#### TASK DESCRIPTION:
Reprint the entire listing exactly.

#### DATASET ENTRIES:
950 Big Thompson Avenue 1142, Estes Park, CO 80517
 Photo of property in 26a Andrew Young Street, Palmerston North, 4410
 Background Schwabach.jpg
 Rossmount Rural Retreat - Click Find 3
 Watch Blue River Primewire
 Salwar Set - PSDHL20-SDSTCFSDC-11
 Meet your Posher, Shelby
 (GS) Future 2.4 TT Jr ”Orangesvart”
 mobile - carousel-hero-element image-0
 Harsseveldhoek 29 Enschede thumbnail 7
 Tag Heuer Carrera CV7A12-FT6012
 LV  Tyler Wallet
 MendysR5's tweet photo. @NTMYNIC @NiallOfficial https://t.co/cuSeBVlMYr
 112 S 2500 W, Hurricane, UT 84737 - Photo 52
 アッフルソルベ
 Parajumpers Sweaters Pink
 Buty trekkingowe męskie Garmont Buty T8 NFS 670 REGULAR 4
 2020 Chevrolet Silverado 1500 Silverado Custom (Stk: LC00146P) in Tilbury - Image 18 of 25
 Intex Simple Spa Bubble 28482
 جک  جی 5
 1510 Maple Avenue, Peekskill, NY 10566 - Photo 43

#### OUTPUT FOR THIS TASK:
950 Big Thompson Avenue 1142, Estes Park, CO 80517
 Photo of property in 26a Andrew Young Street, Palmerston North, 4410
 Background Schwabach.jpg
 Rossmount Rural Retreat - Click Find 3
 Watch Blue River Primewire
 Salwar Set - PSDHL20-SDSTCFSDC-11
 Meet your Posher, Shelby
 (GS) Future 2.4 TT Jr ”Orangesvart”
 mobile - carousel-hero-element image-0
 Harsseveldhoek 29 Enschede thumbnail 7
 Tag Heuer Carrera CV7A12-FT6012
 LV  Tyler Wallet
 MendysR5's tweet photo. @NTMYNIC @NiallOfficial https://t.co/cuSeBVlMYr
 112 S 2500 W, Hurricane, UT 84737 - Photo 52
 アッフルソルベ
 Parajumpers Sweaters Pink
 Buty trekkingowe męskie Garmont Buty T8 NFS 670 REGULAR 4
 2020 Chevrolet Silverado 1500 Silverado Custom (Stk: LC00146P) in Tilbury - Image 18 of 25
 Intex Simple Spa Bubble 28482
 جک  جی 5
 1510 Maple Avenue, Peekskill, NY 10566 - Photo 43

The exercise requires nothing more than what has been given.